The actors were asked if they did much improve during the filming. Mantzoukas answered, “We improvised a lot. They wrote an amazing, great script. Alec Berg, David Mandel, Jeff Schaffer! This is a who’s who of phenomenal comedy writers, and it’s also a group of writers who have worked for years with Sacha. So they all have a real rapport with each other and it was a great script. The way we worked in the scenes that I was in was that we would first do the script and we would get it so it felt like we had what the script called for, then we would explore. What I loved was that here’s this guy who is a comedic genius, here are these writers who are also geniuses, who ran Seinfeld or did Borat and Bruno, and are just truly such sharp comedic minds, who all felt they can make this funnier. There’s a funnier version of this, lets figure it out, let’s beat this. It was really just a tenacious, relentless pursuit of what is the best, funniest version of this. So then we would just do takes. There’s a lot of that in the nuclear dairy scene where I think his understanding of nuclear weapons comes from cartoons. A lot of that was improvised and there, by the way, is about two more hours of it. Poor Sir Ben is just standing behind us as we’re debating whether or not Popeye the Sailor Man is in fact a sailor man or a nuclear scientist.
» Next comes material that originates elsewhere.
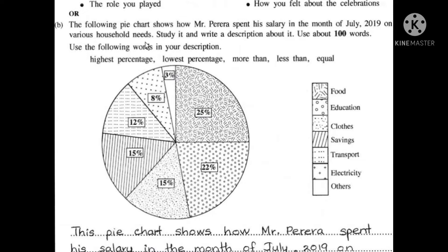Mr. Perea will spend on household needs. Study it and write a description about it. Use about 100 words.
So yes, we did improvise a lot and some of that stuff made it into the movie but, for the most part, you watch that movie and you’re watching a brilliant script brought to life.”
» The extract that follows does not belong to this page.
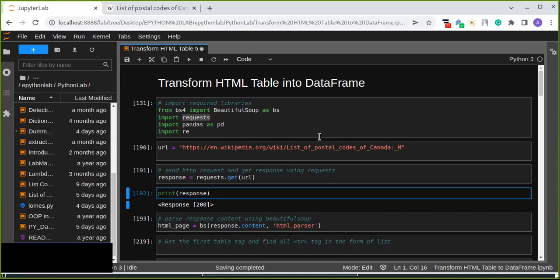Welcome to this video tutorial. In this tutorial you're going to learn about scripting and transforming an HTML table into a pandas DataFrame. If you have found data on a web page in the form of an HTML table and you wanted to transform it into a DataFrame for data analysis, this tutorial will show you how to do that.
The actors were then asked about the correlation between The Dictator and the Arab Spring, which started occurring during the shooting of the film. Kingsley answered, “Sacha is a true member of his society. He is the opposite of the dictator. He has his finger on so many pulses: historically, politically, socially. It makes him a great comedian. He started prepping this film two years before the Arab Spring. It’s possible that it’s serendipity but I think its more an amazing intuition that he had as to the direction that the world is taking and reflecting it comedically. By the time Jason and I joined the film the Arab Spring had erupted. It was present in the media and everywhere. In a sense we were not creating a series of gags in a vacuum but we were being political satirists in a very real and definite context.”


The Dictator is now playing everywhere!